2. Make Healthy Options Available
When a child’s dietary options are presented as regular visits to fast food restaurants and burgers and fries at home, this will shape their own approach to food. However, kids tend to eat whatever they can get their hands on – in the absence of a bag of chocolate, they might be more inclined to eat a bag of grapes. Naturally, if it is not there, they can’t eat it, and so ensuring that there is always a healthy option in the house can assist in getting the right results.
3. Try Not to Associate Foods with being Good or Bad
There are 2 reasons to remain neutral when categorising food. Firstly, it can make for bad habits. Secondly, children have a penchant for testing boundaries, and may be more inclined to choose a certain food because they have been told that it is the bad option and no other reason. Instead of labelling foods as such, a process of association can be far superior. Simple things like milk strengthening bones, healthy breakfasts helping them to concentrate and fruit rejuvenating them when playing can form healthy associations with their diet.
4. Praise Positive Choices
Without delving too deep into positive reinforcement, receiving commendation for making the right choice works equally well in children as it does in adults. Something as simple as a ‘well done’ when they make the healthy choice will encourage children to do the same in the future.
5. Offer Advice on Wrong Choices
While subtle acknowledgement of the right choice is the correct course of action in most cases, condemnation for making the wrong one is the wrong approach. Be on hand to offer alternatives or discuss why something is unhealthy in such cases. Try to replace chocolate with equally sweet but far healthier alternatives such as grapes or replace fries with homemade alternatives in such cases until picking the healthier option becomes second nature.
6. Be Generous with Praise but Limit Rewards
Praise and acknowledgement are good for forming habits but using food as a reward may have the opposite effect. Offering chocolate or another unhealthy snack as a reward for tidying a room often sounds convenient, and usually works too, but this can have a negative impact on the perception of food and lead to further weight-related issues later in life.
7. Eat Together
The best way to form the correct eating habits in children is to lead by example, and this can be achieved by sitting together for family dinners. In addition to helping the overall familial atmosphere as members get to discuss their day and generally interact, it normalises the idea of eating well. If this is not something that happens already, it can be a good idea to build up to it rather than to totally disrupt the current routine – simply starting with one day each week and then moving up as time passes can be an effective habit builder.

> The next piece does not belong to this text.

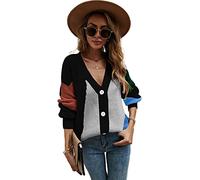 HEYPORK Damen Herbst Winter Warm Bequem Jacke Casual Mode übergangsjacke Mantel Frauen Patchwork Persönlichkeit Mode Stricken Pullover Strickjacke(Schwarz, L)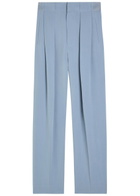 Victoria Beckham Pleated Tapered-leg Trousers Grey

8. Prepare in the Kitchen, Not at the Table
For larger families, it can often be tempting to cook the food and then present it in such a way that family members can take what they want. While convenient, it overlooks the fact that portion control is rarely at the forefront of a child’s mind. While parents await the time that they can adequately choose their portion sizes, it can be favourable to build a perception of how big a healthy portion should be by preparing them fully before they reach the table.
9. Involve the Kids in the Decisions
Meal plans and dietary requirements see plenty of responsibility falling on the parents, but kids thrive on making choices. Something as simple as asking them what they do and do not like from the weekly meal gives them this impression of involvement and enables the parent to focus on the healthy choices that they enjoyed the most.
10. Take Advantage of Help and Advice
Kids do not come with an instruction manual, and there will be people around that have more experience with the diets of youngsters. Their GP, day care providers and other parents can all be sources of inspiration, each with different perspectives. Doctors can focus on maintaining a healthy weight, while other parents can be the source of creative means of increasing a child’s intake of fruits and vegetables.